By Patrick Martin and ISW Iraq Team
Key Take-Away: PM Haidar al-Abadi suffered a serious blow in his bid to reform and lead the government on November 2 when the Council of Representatives (CoR) unanimously ruled to withdraw his ability to launch reform packages unilaterally. CoR members voiced support for the reforms, but worded the motion as enforcing the separation of powers and keeping legislative powers within the CoR. PM Abadi’s loss is Maliki’s gain, as Maliki has capitalized on resistance to PM Abadi’s reforms by openly speaking out against them and using his allies within the SLA to spearhead criticism of PM Abadi’s governing style. PM Abadi has lost the confidence of the political blocs who supported his reform packages with his unilateral approach to introducing reforms, and the outcome of the vote was a response to his most recent and controversial reforms.
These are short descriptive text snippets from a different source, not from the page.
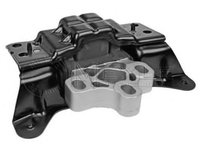 Suport motor SKODA SUPERB III Combi (3V5) (2015 - 2016) MEYLE 100 199 0200 piesa NOUA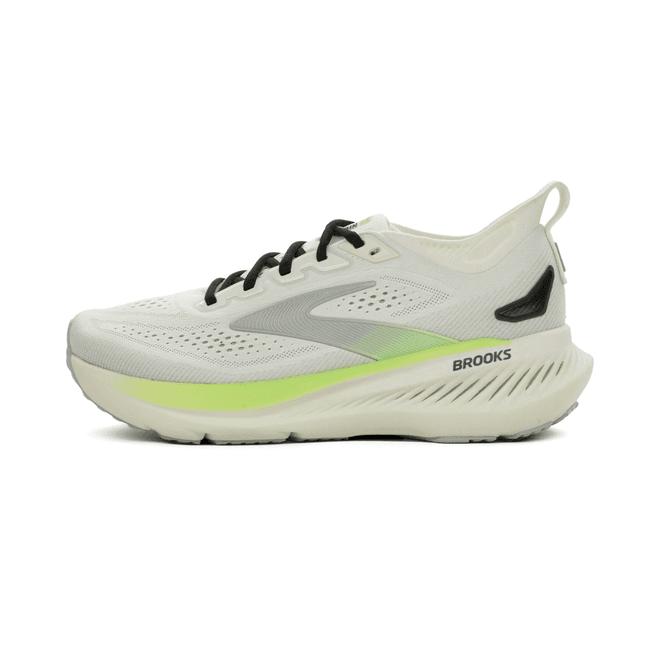 Brooks Glycerin 23 (Wide)
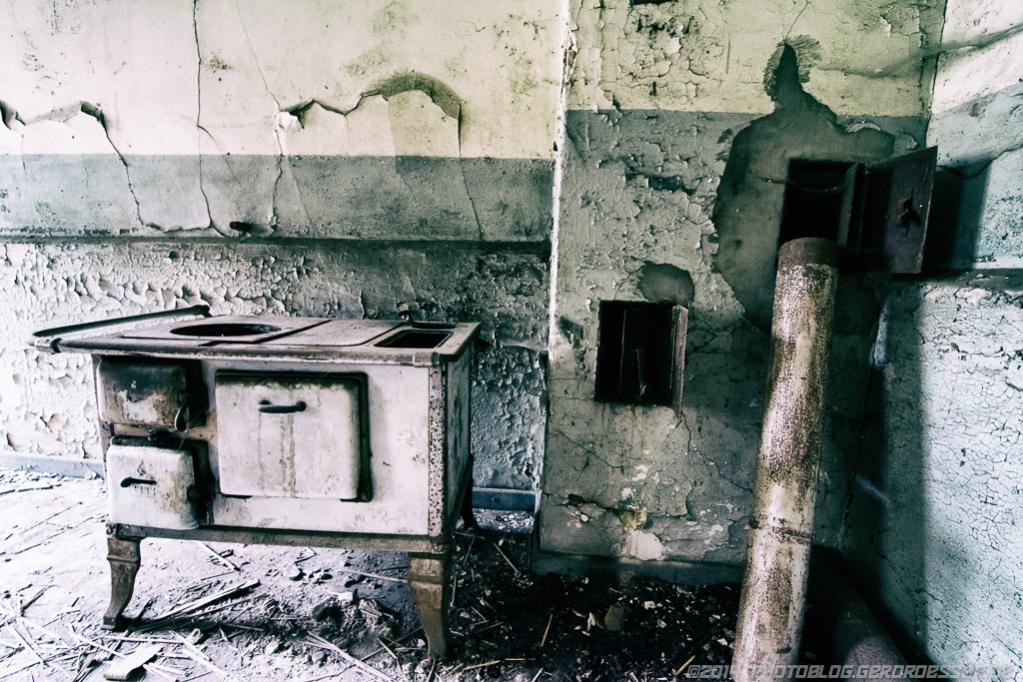 140819 11h57m41s gerdroesser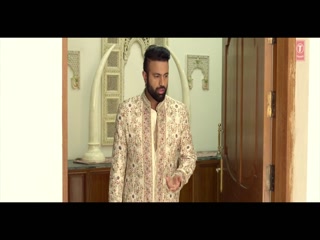 The Return Of Asla Video Song ethumb-009.jpg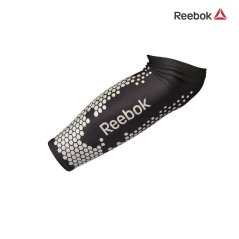 Reebok kompresní rukávy na lýtka RRSL-10212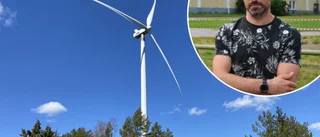 Vindkraften: Boende får nobben av rätten • Så går de vidare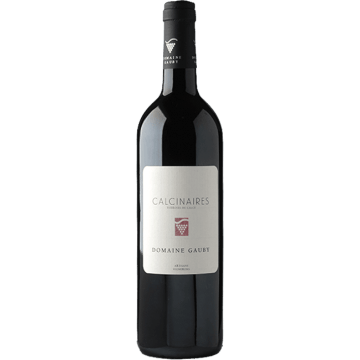 Les Calcinaires 2024 - Domaine Gauby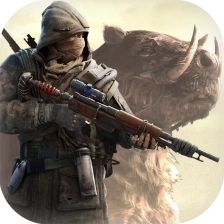 破碎之地安卓版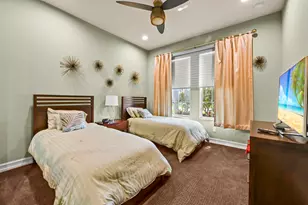10540 Whitewind Circle, Boynton Beach, FL 33473 - Photo 35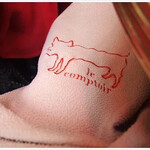 Le Comptoir du Relais - 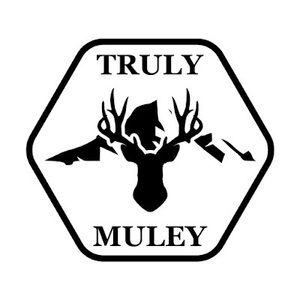 Meet your Posher, Wyatt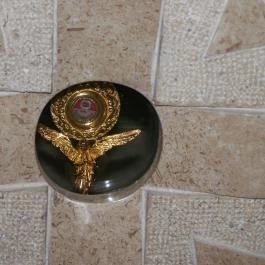 Diósgyőri Vár, Miskolc - 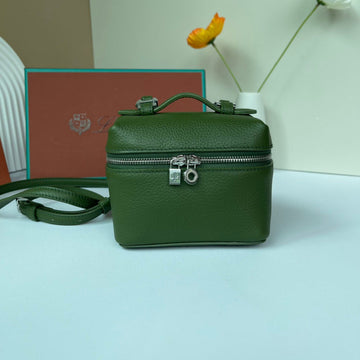 Makersluxe - LOP Bags - 274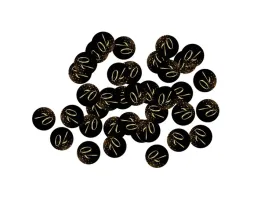 konfetti-sparkling-70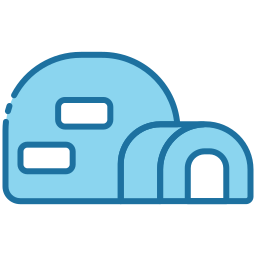 iglu icon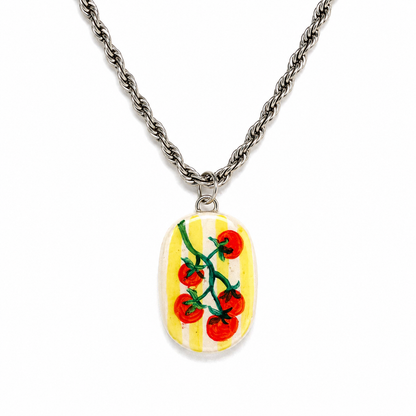 Charm “Italian Summer”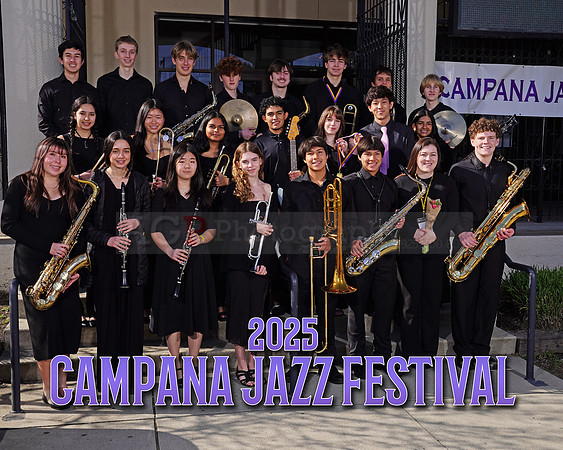 Las_Lomas_HS_007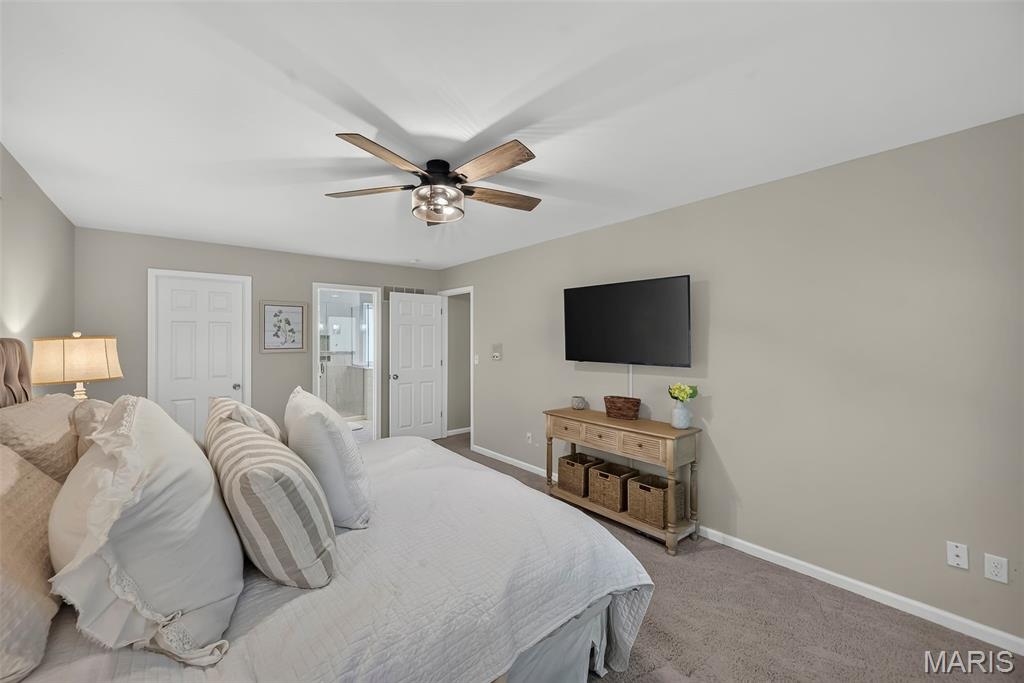 Lake Of The Woods Add 2 - Residential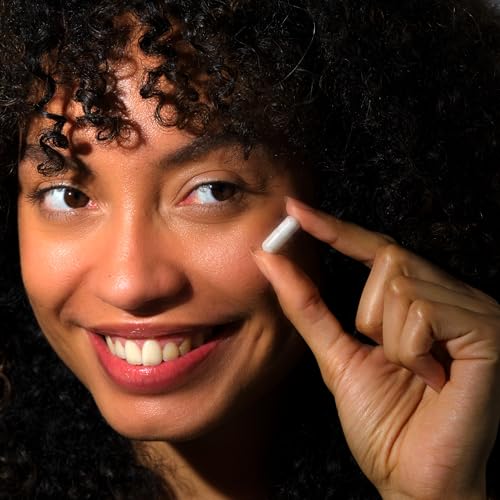 Beneficios de sílice para salud integral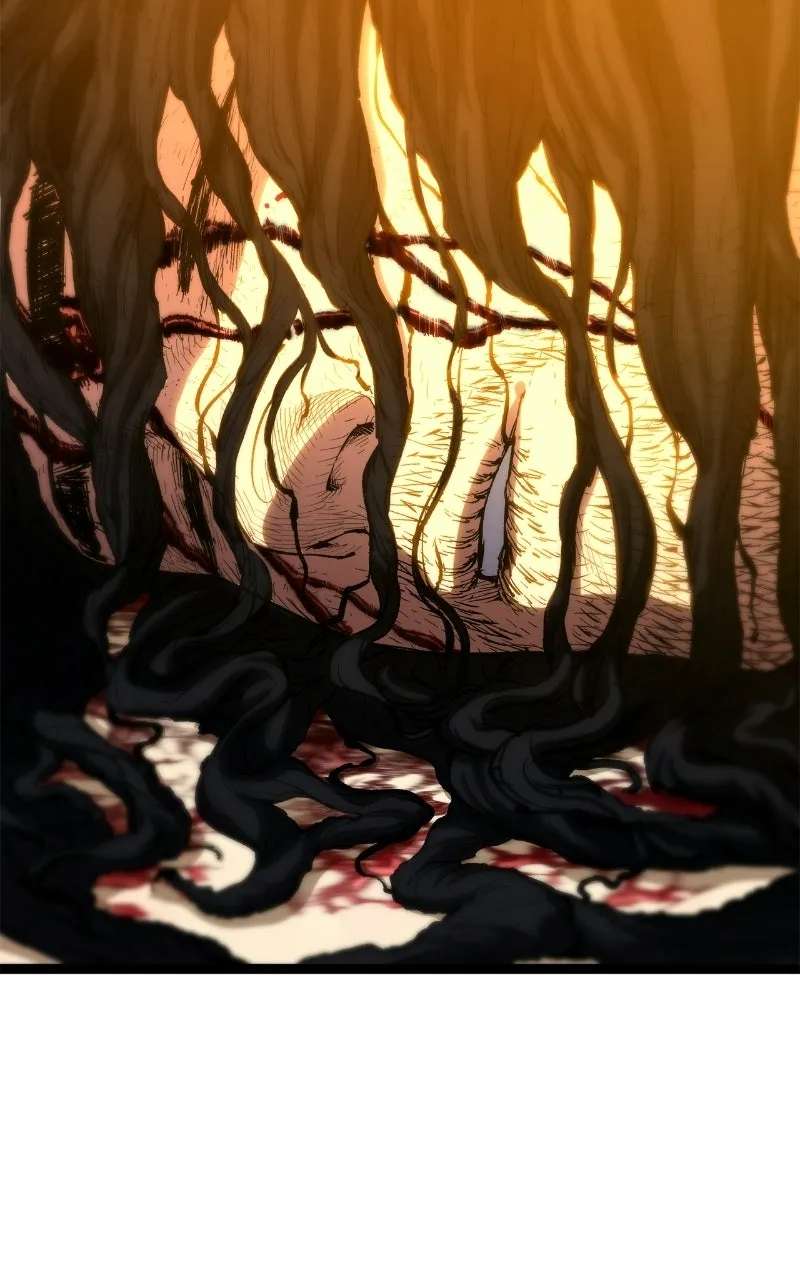 Rakshasa:Demon Rising Chapter 1 - page 180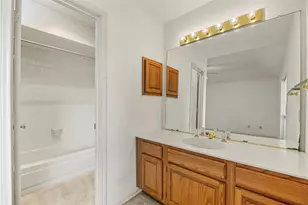 3505 Dublin Trail, Mesquite, TX 75149 - Photo 17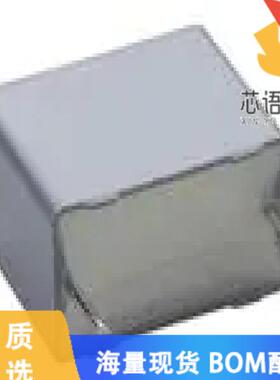 全新MKP1841222135原装(CAP FILM 2200PF 10% 1.6KVD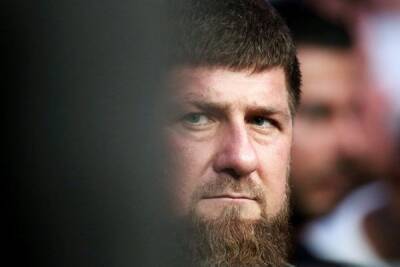 Чечне от Москвы нужно еще 268 тысяч рублей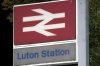___ attacker who preyed on women at train stations jailed for five years.jpg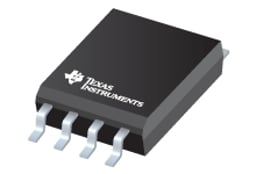 ISO224ADWV by Texas Instruments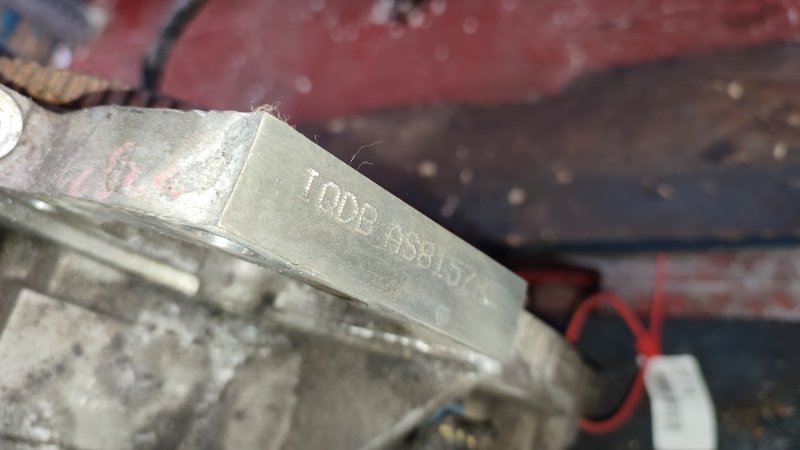 Двигатель, 80000 рублей, Пуговичино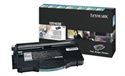 Εικόνα της LEXMARK Toner Black 12016SE
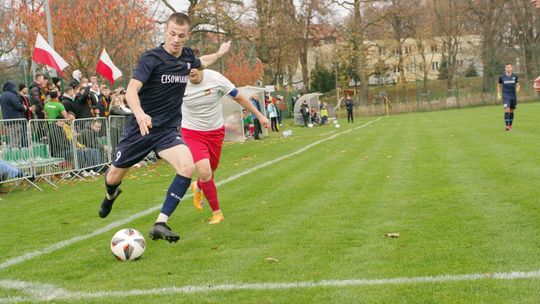 Kilka ekip lubelskiej klasy okręgowej będzie wiosną rozgrywać swoje mecze w roli gospodarza na obcych obiektach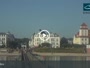 Binz - Plaża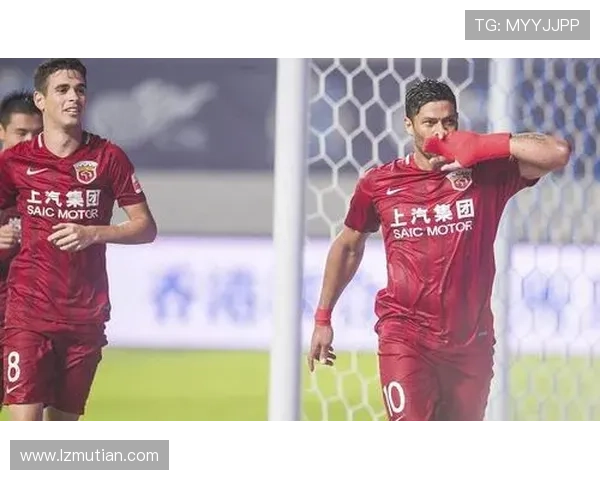 维萨:状态回升迎战牙买加势均力敌 维萨:状态回升迎战牙买加势均力敌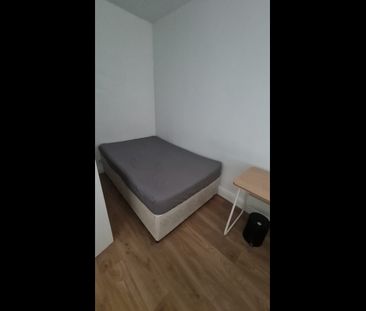 Room in a Shared House, Coventry, CV1 - Photo 2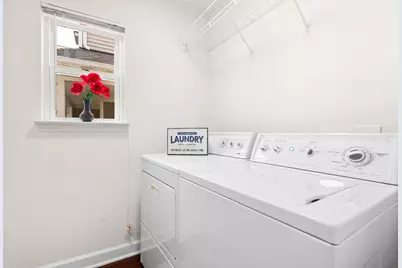 1649 Chapleau Drive, Ann Arbor, MI 48103 - Photo 24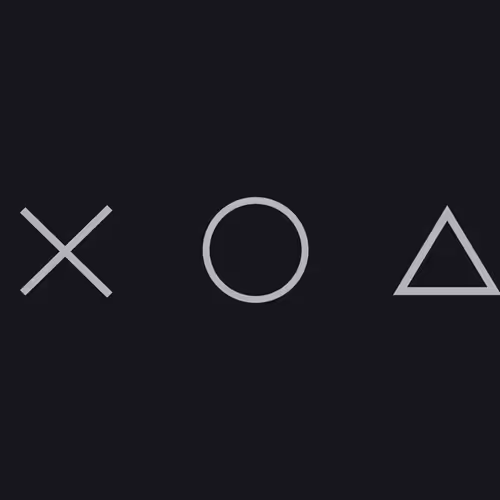 Etherworld XOAO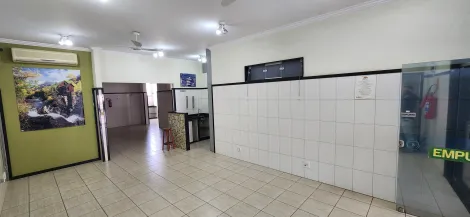 imagem 1 - Salão Comercial - Locação imagem 1 - Salão Comercial - Locação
These included changes to the salary scale and the appointment of a new Council of Ministers (CoM) secretary who holds U.S. citizenship. PM Abadi previously had numerous supporters for his reform agenda. However, in response to the salary scale changes, these supporters, including Grand Ayatollah Ali al-Sistani and the political opponents of Vice President Nouri al-Maliki, including ISCI and the Sadrist Trend, have since diminished their support for him in light of the salary scale change. Sistani disagreed with PM Abadi over the final form for the salary scale reform, and thus voiced his disapproval. Maliki has likely used this opportunity to test the waters for an eventual no-confidence vote against PM Abadi. Sistani likely remains supportive of PM Abadi – Maliki’s allies likely took advantage of Sistani’s denouncement of the salary scale change to attack PM Abadi. In addition, former supporters of the reform program most likely used the CoR vote to both protect themselves from backlash by their constituencies over unpopular reform packages and to prevent PM Abadi from exercising any powers without their consultation.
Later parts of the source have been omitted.